Pada pidato pengukuhannya yang berjudul “Daur Ulang Baterai Ion Litium sebagai Kunci Transisi Energi Bersih yang Berkelanjutan”, Prof. Indra menegaskan bahwa transisi energi menjadi agenda global yang tidak dapat ditunda. Laporan Intergovernmental Panel on Climate Change (IPCC) memperingatkan bahwa tanpa upaya signifikan, kenaikan suhu global akan melampaui 1,5°C dalam waktu dekat, sehingga mengakibatkan kerusakan ekosistem yang bersifat permanen.

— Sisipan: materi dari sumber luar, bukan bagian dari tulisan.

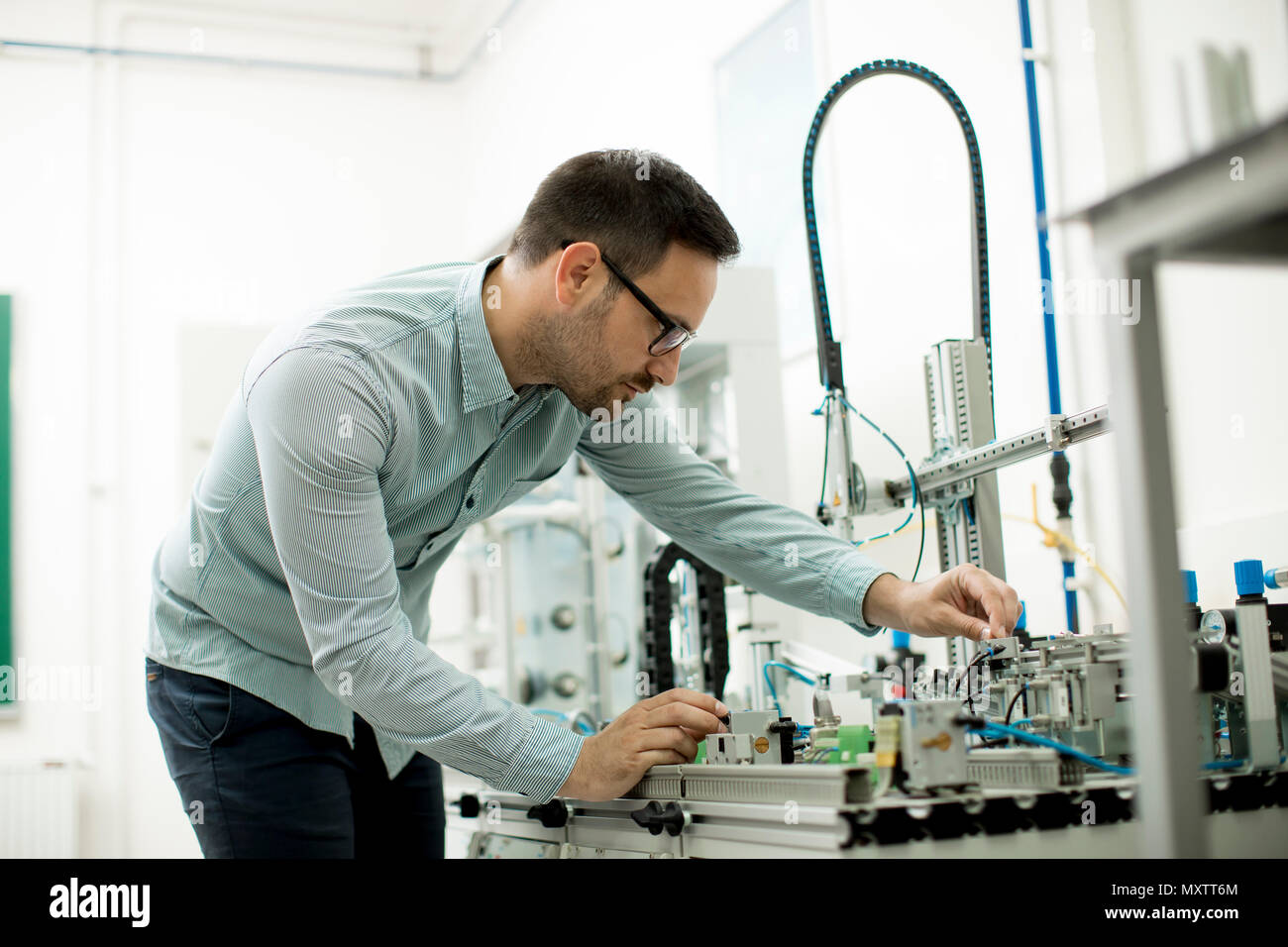Hübscher junger Mann, der in der elektronischen Werkstatt Stockfoto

Sebagai respons, berbagai negara telah menetapkan target Net Zero Emission (NZE) pada 2050, termasuk Indonesia yang terus mendorong pemanfaatan energi terbarukan seperti tenaga air, surya, angin, panas bumi, pasang-surut, dan biomassa. Meski demikian, energi terbarukan memiliki kendala utama, yaitu bersifat tidak stabil atau intermittent.
“Untuk menjaga keandalan pasokan energi tersebut, dibutuhkan suatu sistem penyimpanan energi (energy storage) yang efisien dan tangguh,” jelas Prof. Indra.

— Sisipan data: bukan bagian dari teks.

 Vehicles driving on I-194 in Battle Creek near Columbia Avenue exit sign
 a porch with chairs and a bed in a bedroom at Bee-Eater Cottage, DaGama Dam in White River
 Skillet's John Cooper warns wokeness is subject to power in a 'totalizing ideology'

Prof. Indra menjelaskan bahwa bahwa saat ini baterai ion litium telah menjadi teknologi dominan dalam kendaraan listrik dan sistem penyimpanan energi global. Menurutnya, peran baterai ion litium menjadi krusial karena mampu menstabilkan suplai energi dari sumber energi terbarukan yang bersifat tidak stabil.
Di sisi lain, Prof. Indra juga menyoroti persoalan strategis yang dihadapi Indonesia. Ia menjelaskan bahwa meskipun Indonesia memiliki cadangan mineral penting seperti nikel, mangan, dan kobalt, negara ini tidak memiliki cadangan litium primer yang layak ditambang. Hal tersebut, berpotensi menjadikan Indonesia bergantung pada impor litium dalam jangka panjang jika tidak ada solusi alternatif yang dikembangkan.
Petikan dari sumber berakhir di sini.